Portland denies Corbyn plot claims
Tim Allan's agency decides it can no longer ignore claims aired by The Canary.
Portland has finally moved to deny outlandish claims that it is orchestrating a plot to unseat Jeremy Corbyn as Labour leader.
In recent days, the PR and lobbying agency has been the subject of stories by The Canary – a website that claims to provide "fearless journalism" and whose readers are often ardent supporters of Corbyn.
Senior figures at Portland were initially intent on ignoring various claims that been circulating on social media as a result of the stories. A senior source said agency bosses had discussed the claims last week and decided against lending credibility to them.
But the agency broke cover on Sunday after Unite general secretary Len McCluskey weighed in.
Portland tweeted: "Len McCluskey's comments on #Marr. This is a ridiculous conspiracy theory and completely untrue. He should withdraw."
McCluskey had prompted incredulity among Westminster lobby journalists when he told Marr that he believed Labour MPs such as Lisa Nandy and Angela Eagle had been “seduced by sinister forces”.
Asked what sinister forces he was referring to, the Unite boss said: “If the BBC want to do an investigatory programme of a company called Portland then feel free to do so.
"This is a PR company with strong links to Tony Blair , right-wing Labour MPs, who have been critically involved in this orchestrated coup."
The Independent’s John Rentoul tweeted that McLuskey had gone “full fruitcake”. But many Corbyn supporters rushed to congratulate McCluskey for airing the theory on the BBC.
The Canary pays authors according to how much traffic their articles attract.
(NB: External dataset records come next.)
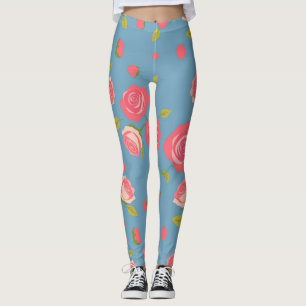 Rosa Rosen auf blauem Hintergrund Leggings
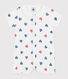 Babies' short stripy cotton jumpsuit with heart collar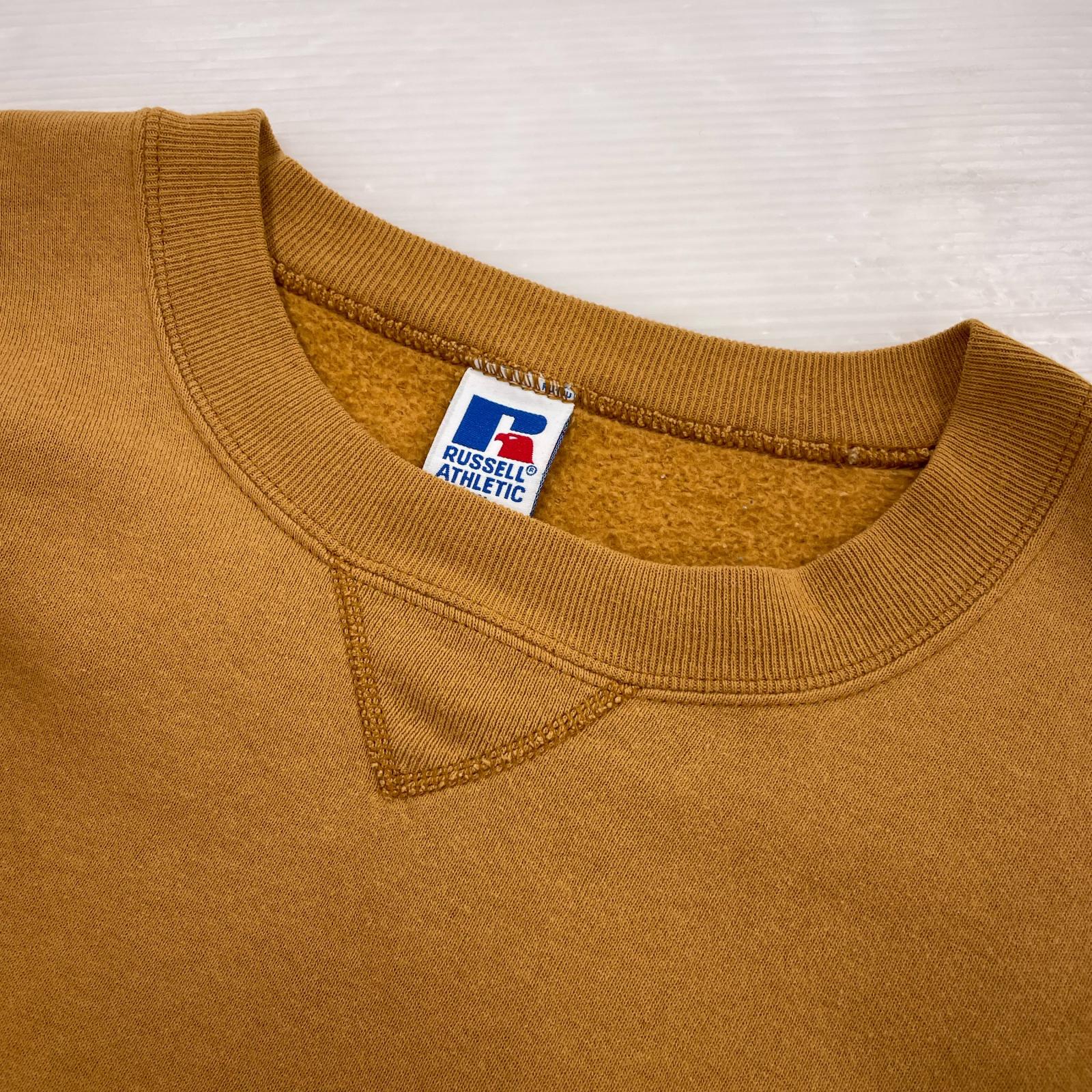 スウェット 90's RUSSELL 前Vガゼット スウェット ベージュ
Its first story about Portland appeared last week, noting the Blairite backgrounds of many Portland staff and their links to the Fabian Society.
It also noted that the BBC had featured Portland consultant Tom Mauchline in a news item about Corbyn being heckled.
It stated: “The Fabians have mobilised their assets in both the parliamentary Labour party, in the media and in the sphere of public relations, namely via Portland Communications – to inflict as much damage as possible on Corbyn.”
There was no hard evidence linking Portland to the moves to unseat Corbyn, but a subsequent article stated that Portland also employs a consultant who is “a former deputy political editor for The Mirror (who ran a front page on Tuesday calling for Corbyn to go)”.
And it noted that Portland’s Kevin McKeever once “shared a platform at an NHS conference with one Joe McCrea, a former advisor to Blair who now runs his own PR firm”.
Last week, one person who apparently subscribes to the theory about Portland orchestrating the coup against Corbyn visited their offices and refused to leave for six minutes in in a fruitless attempt to speak to staff about it.